Mardi matin. Vous avez organisé une réunion dans laquelle vous devez présenter les objectifs trimestriels à votre équipe. Il y a un mois encore, vous pouviez considérer, à la machine à café, que, sans effectifs supplémentaires, ils étaient inatteignables. Vos collègues ne manqueront d’ailleurs pas de vous déstabiliser en vous rappelant vos discussions à ce sujet.
Aujourd’hui, vous allez devoir «vendre» ces objectifs, car le manager, c’est vous. Cela vous posera sans doute un problème de loyauté, occasionnant tourments ou insomnies.
Vous avez joué et rejoué la scène pour vous préparer aux questions de vos anciens collègues, dont vous connaissez tous les arguments. Pourtant, juste avant de rentrer en réunion, vous éprouvez beaucoup de doutes et d’angoisse car vous entrevoyez tous les désagréments et problèmes auxquels vous allez être exposé ces prochains mois.
Premièrement, être confronté aux considérations du choix du candidat et à la question: «pourquoi lui et pas moi?», vous exposant à des jalousies, s’il y a notamment dans l’équipe des personnes ayant postulé. Ensuite, expert reconnu dans votre domaine, vous l’êtes certainement ; moins sûr en revanche que vous soyez un bon manager, n’ayant probablement jamais expérimenté ce type de responsabilités.

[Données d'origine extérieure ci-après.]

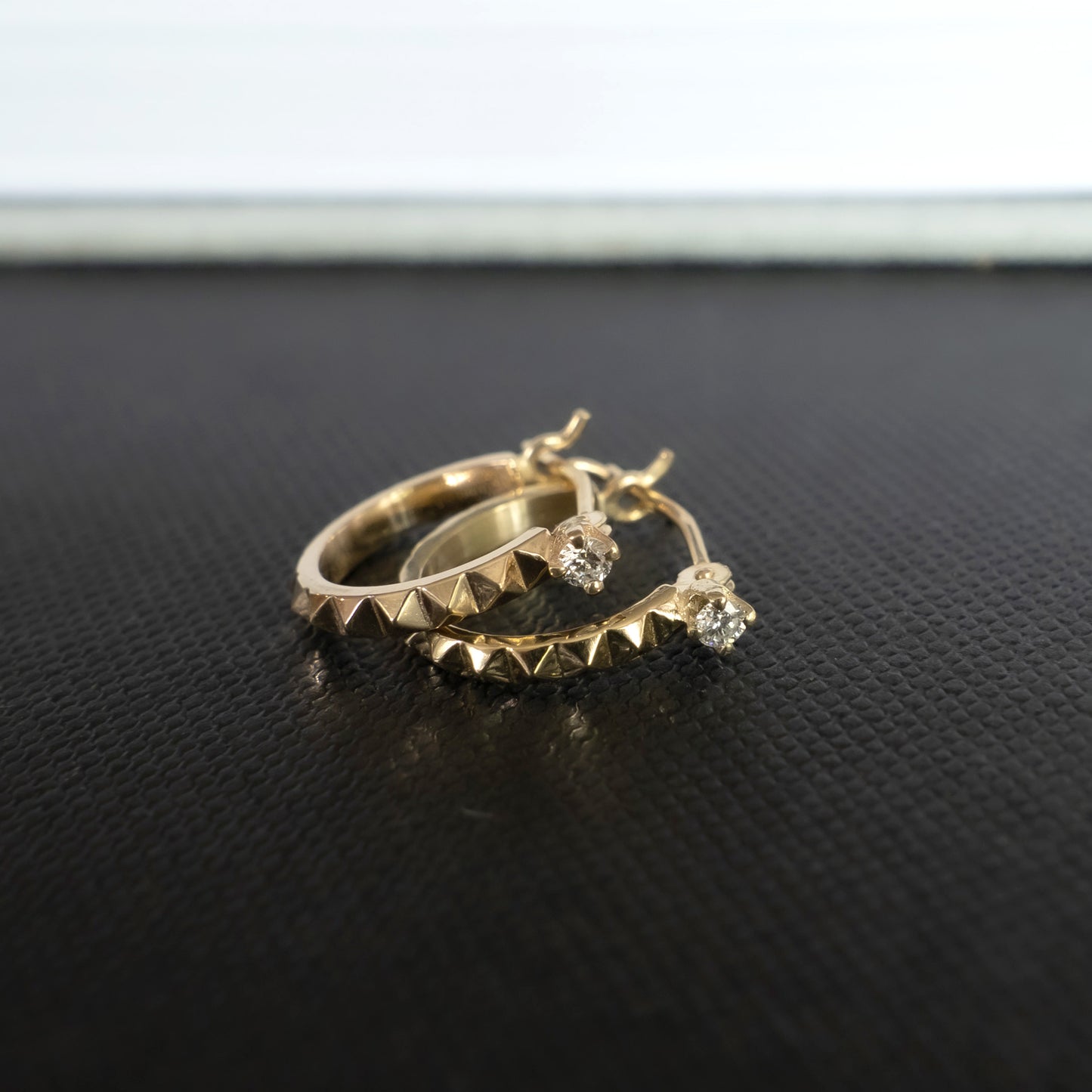 Diamond Debbie Hoop Earring - Pyramid Spike Hoop Earring with Diamond 14k Yellow Gold - Futaba Hayashi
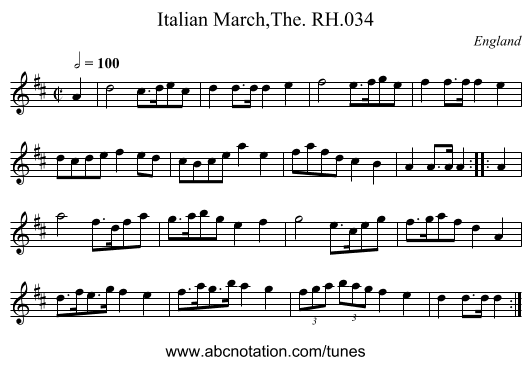 Italian March,The. RH.034 - staff notation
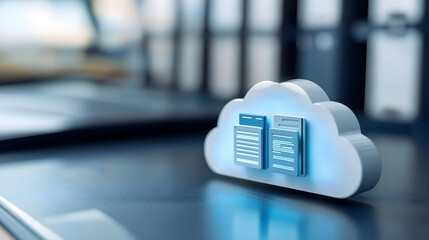 Wall Mural - a cloud with two files on it
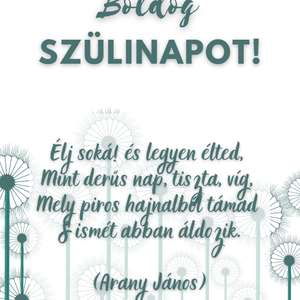 Születésnapi üdvözlőkártya - pitypang - otthon & életmód - papír, írószer - ajándékozás kellékei - ajándékkísérő - Meska.hu
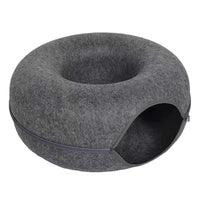 Felt Donut Bed for Cats House With Breather Hole Dog Bed Interactive Play Toys for Cats to Hide 2 in 1 Tunnel for Cats Bed Dark Grey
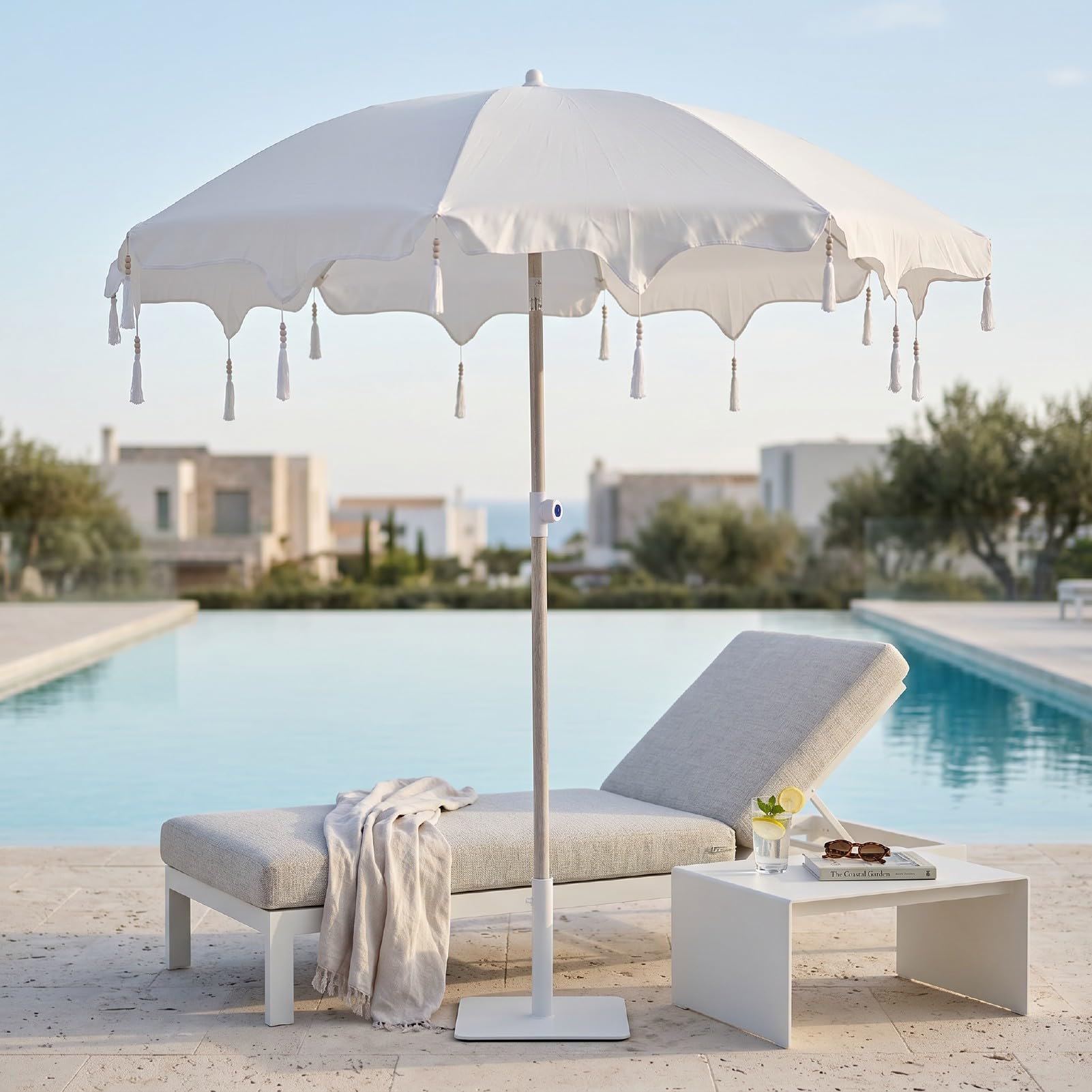 Ejoyous Fringe Tassel Beach Umbrella, UPF 50+ 6.5ft Arc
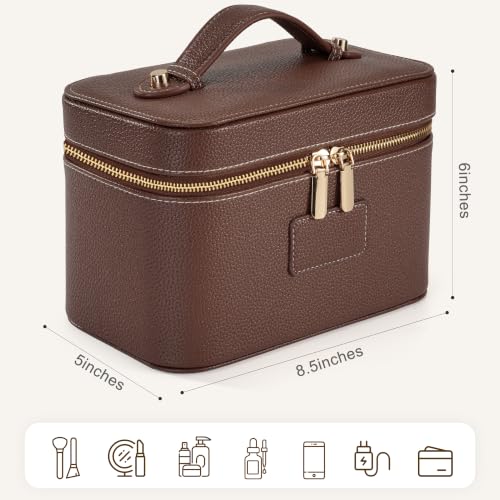 Makeup Bag Travel Toiletry Leather Cosmetic Case, Waterproof Makeup Organizer with Brush Holder, Wipe Clean Removable Divider Vanity Train Bag for Women, Brown Coffe - color: Brown Coffe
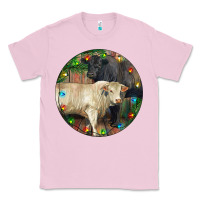 Bubblegum Pink Christmas Charolais Bull And Black Angus Bull Classic Tee - RanaPortraitStore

Enfin, il y a fort à parier que vous soyez perçu à présent comme celui qui est passé du «côté obscur». Vos anciens camarades risquent en effet de ne plus souhaiter voir en vous un confident.
Posez-vous prioritairement la question fondamentale : ce nouveau poste est-il une bonne nouvelle? Si oui, alors lancez-vous…tout en n’oubliant pas que pour toutes les raisons qui vous appartiennent ainsi qu’à vos anciens collègues, cette transition sera certainement difficile.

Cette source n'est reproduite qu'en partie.